## [Your assignment]
Write out exactly the lines from the one containing "清雍正 斗彩穿花螭龙纹杯" through the last line of the records below, both included, and leave out any pictures.

## [Exercise input]

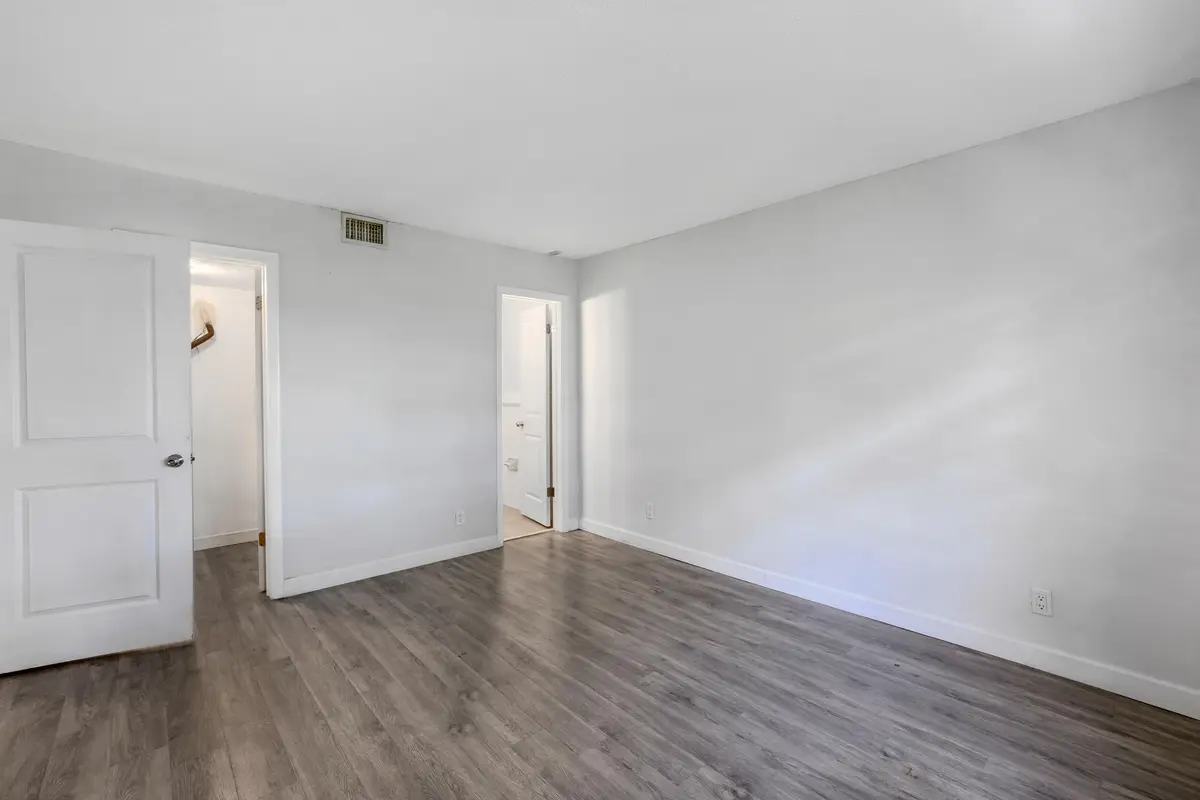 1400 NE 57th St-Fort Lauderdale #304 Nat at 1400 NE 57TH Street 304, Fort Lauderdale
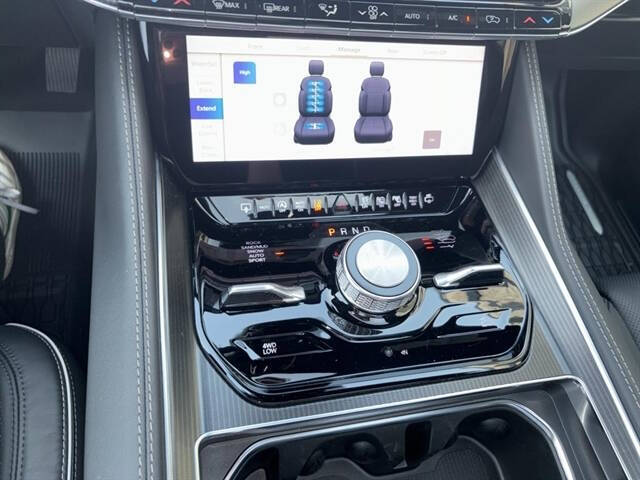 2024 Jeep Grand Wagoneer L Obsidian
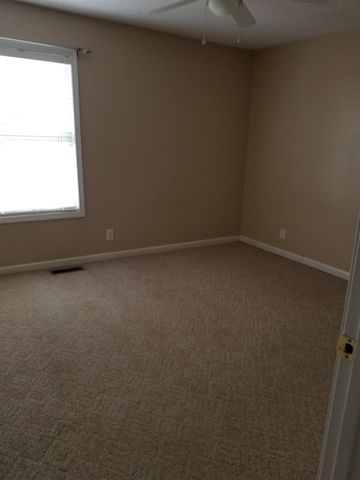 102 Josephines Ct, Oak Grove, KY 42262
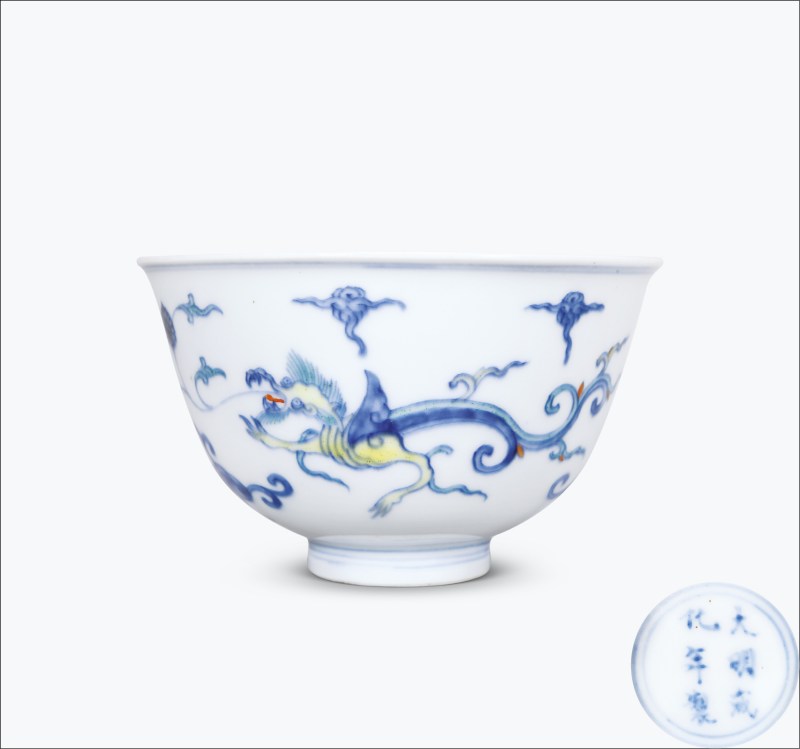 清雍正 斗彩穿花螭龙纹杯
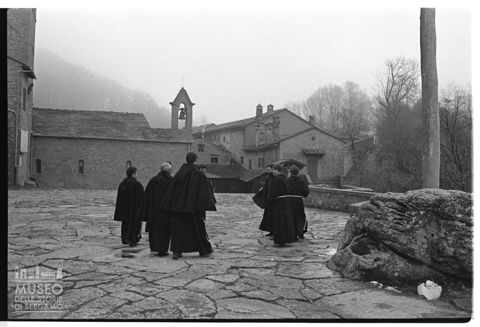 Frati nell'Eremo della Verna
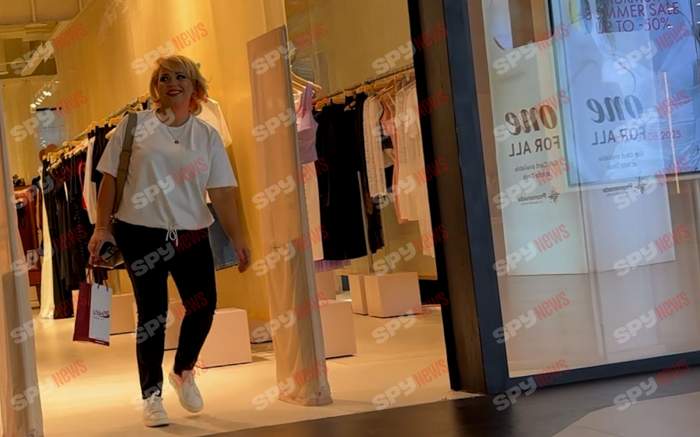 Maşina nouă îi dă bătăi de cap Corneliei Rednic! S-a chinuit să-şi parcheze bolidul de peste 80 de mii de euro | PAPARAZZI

## [Solution to this exercise]
 清雍正 斗彩穿花螭龙纹杯
 Frati nell'Eremo della Verna
 Maşina nouă îi dă bătăi de cap Corneliei Rednic! S-a chinuit să-şi parcheze bolidul de peste 80 de mii de euro | PAPARAZZI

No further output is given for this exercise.